Prattling is usually attributed to children who, lacking depth of thought, twaddle on about inconsequential, trivial foolishness just to be saying something, what could only be described as immature in an adult. It is easy to see why this term would be especially offensive when directed to a prophet of God who, merely holding to the truth, is accused of “majoring in the minors.” Such was the plight of Micah, who preached against the social injustices rampant in Jerusalem to a wealthy, comfortable audience unwilling to give priority to God’s will.

Micah’s synopsis of his generation was a one-liner: “For this is an evil time” (Micah 2:3). His reason for this blanket condemnation originated with a poor attitude toward God’s Word, which rejected any message that was not pleasant to the ear. Micah’s reminders were becoming burdensome to this rebellious people who looked down their well-to-do noses and disrespected him. “‘Do not prattle,’ you say to those who preach” (Micah 2:6).

It can be extremely discouraging for elders, teachers or preachers to hear this colorful response, in its many shades and textures. It betrays an unwillingness in an audience to prioritize God’s Revelation. Worse, when there is a void of God’s truth, the replacement is always detrimental. “If a man should walk in a false spirit and speak a lie, saying, ‘I will prophesy to you of wine and drink,’ even he would be the prattler of this people” (Micah 2:11). Oh, the danger of that sweet-talking liar!

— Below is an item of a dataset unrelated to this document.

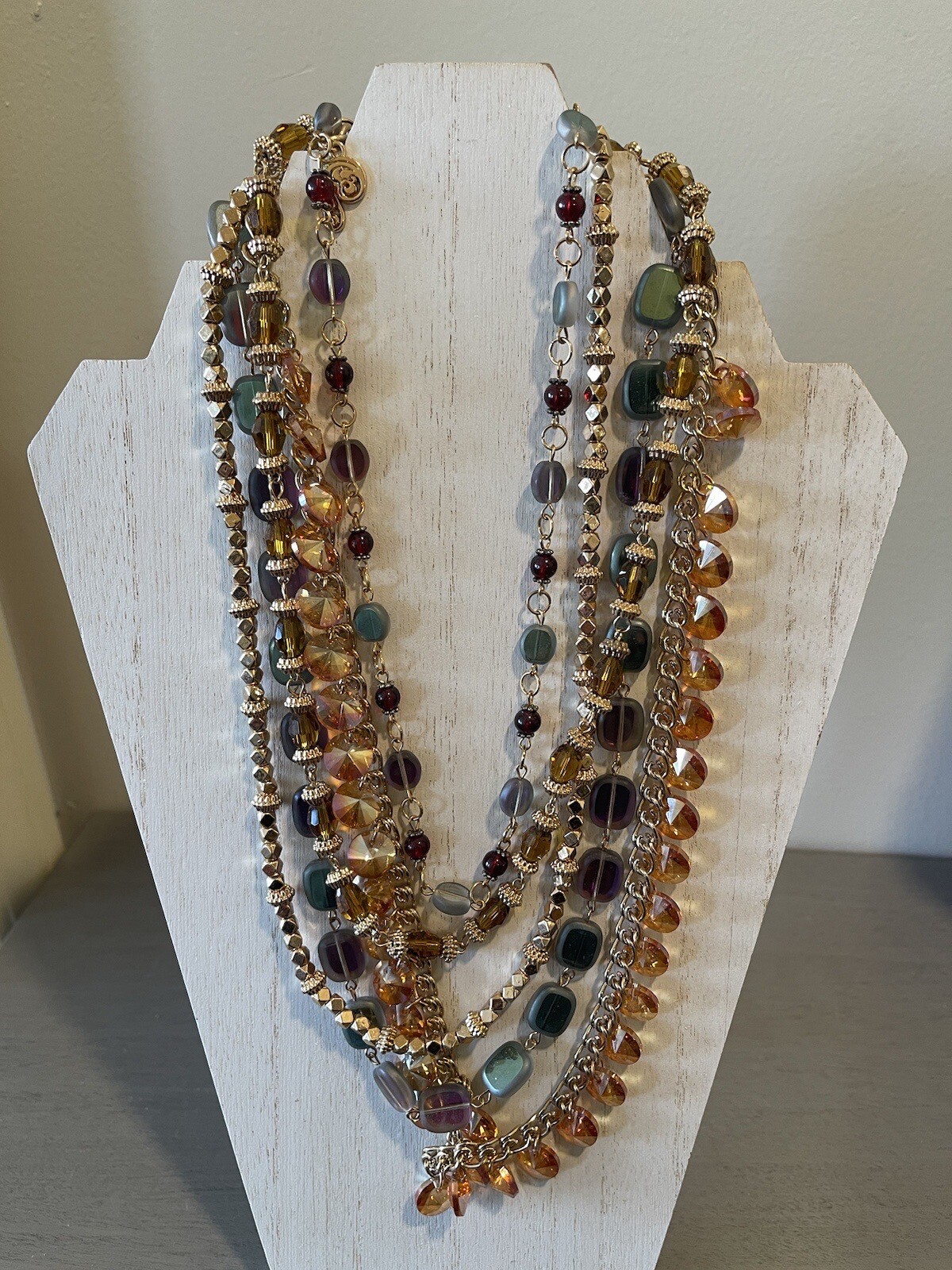 Passiana 5 Layer Necklace In Multi Color Stone Beads New Without Tag
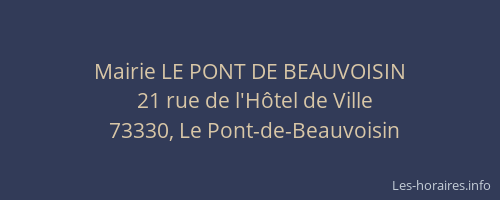 Mairie LE PONT DE BEAUVOISIN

Unwitting “children,” who prefer personal pleasure to prophetic perspective, can expect an unnecessarily painful and disappointing life, followed by eternal destruction. God, through the preacher asks, “Do not my words do good to him who walks uprightly?” (Micah 2:7, this is a rhetorical question implying the evil that will befall all those who ignore God). God loves us and His words of warning are for our own good.

“Do not be wise in your own eyes; Fear the Lord and depart from evil. It will be health to your flesh, and strength to your bones” (Proverbs 3:7-8). This is not prattling.